■ Your goal: Quote, word for word, only the lines running from the line with "Front Wheel Bearing" through the end of the listing. Leave out the pictures.

----- Available records

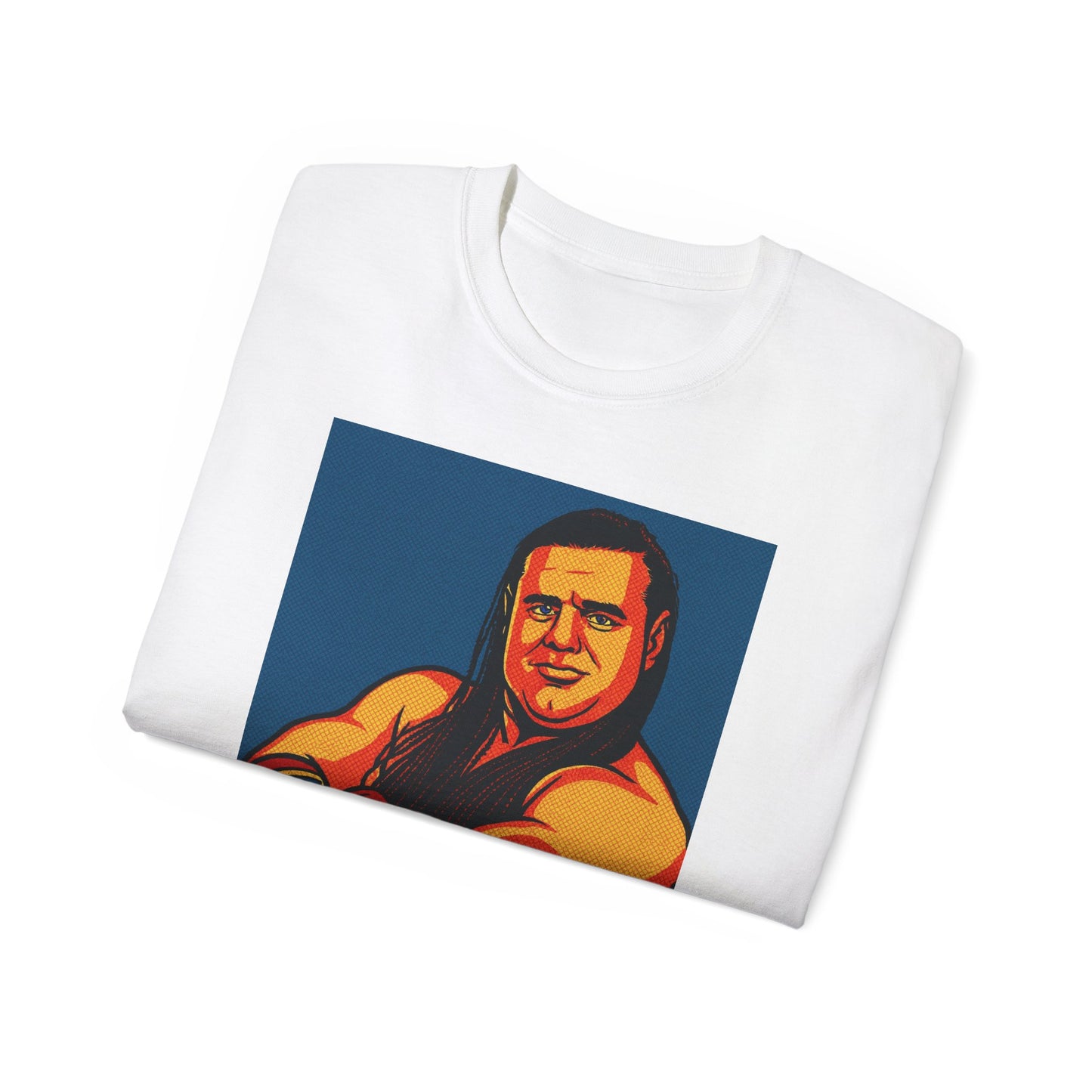 The British Bulldog Davey Boy Smith T-Smith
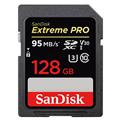 SanDisk (サンディスク) ExtremePRO SDXCカード UHS-I 128GB SDSDXXG-128G-GN4IN 海外パッケージ版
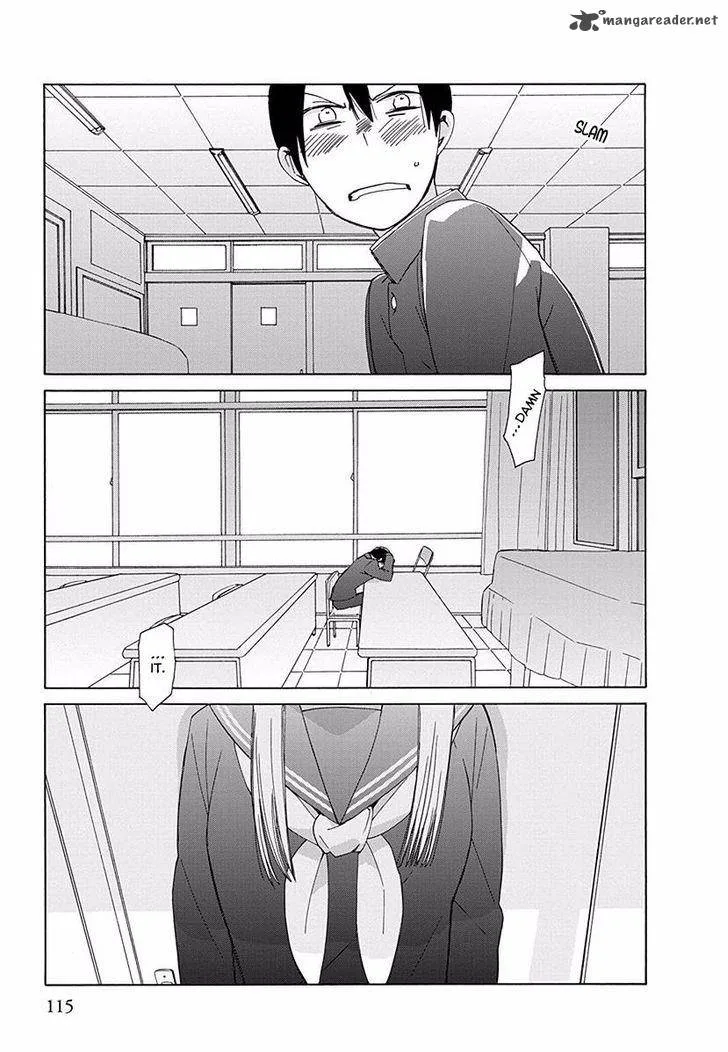 14-sai no Koi Chapter 28 page 11
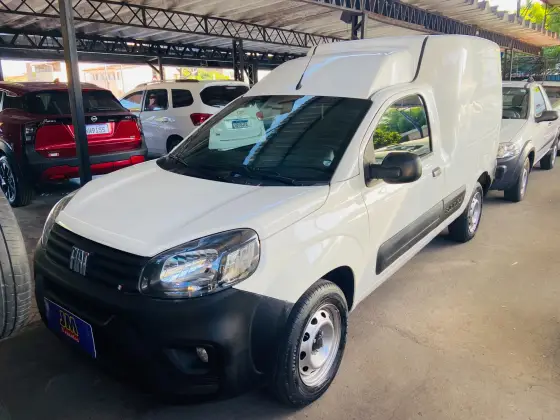 FIAT FIORINO 1.4 MPI FURGÃO ENDURANCE 8V FLEX 2P MANUAL FIAT FIORINO 1.4 MPI FURGÃO ENDURANCE 8V FLEX 2P MANUAL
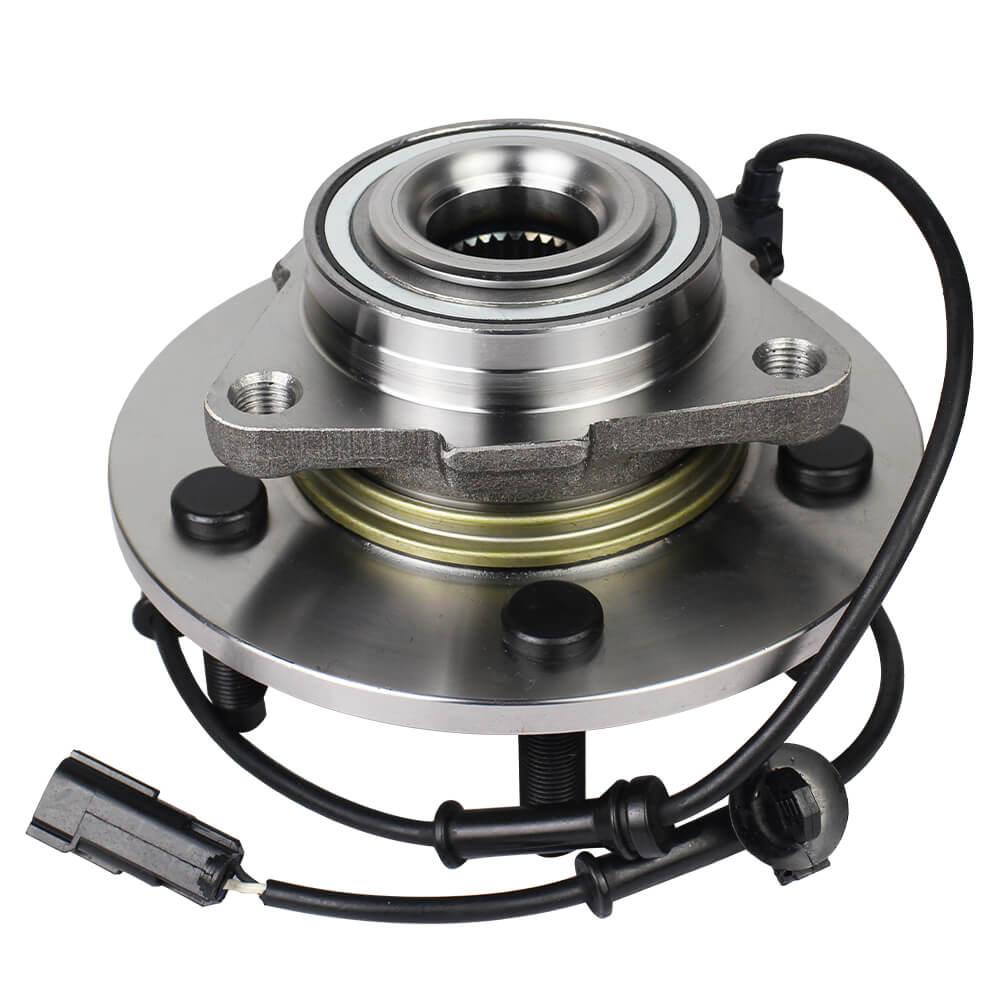 Front Wheel Bearing Hub Assembly for 2002-2005 Dodge Ram 1500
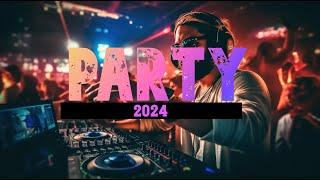 Party Mix 2024   Club Dance Music 2024   Best Remixes of Popular Songs 2024  Mashups Party 2024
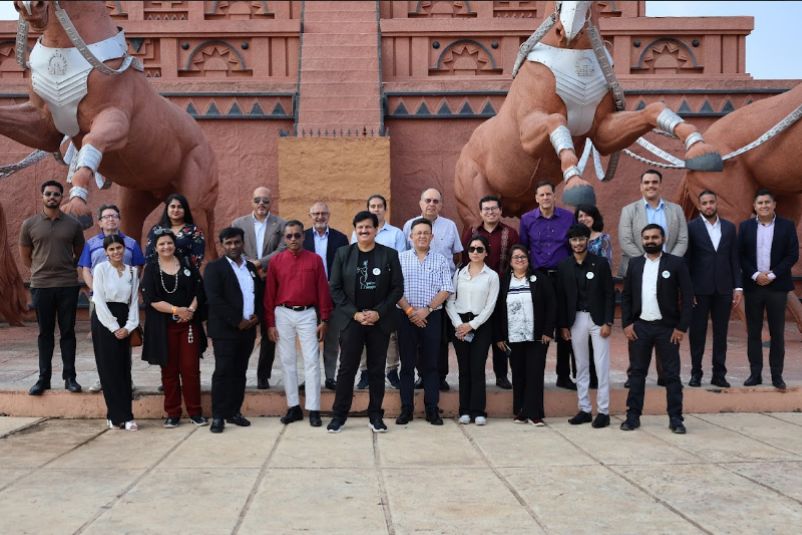 International Bilateral Business Conference and National Business Excellence Awards Hyderabad 2025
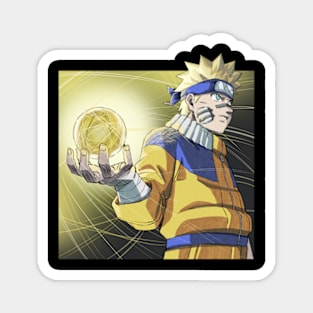 NARUTO-2 Magnet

----------

■ Written response:
 Front Wheel Bearing Hub Assembly for 2002-2005 Dodge Ram 1500
 Party Mix 2024   Club Dance Music 2024   Best Remixes of Popular Songs 2024  Mashups Party 2024
 International Bilateral Business Conference and National Business Excellence Awards Hyderabad 2025
 NARUTO-2 Magnet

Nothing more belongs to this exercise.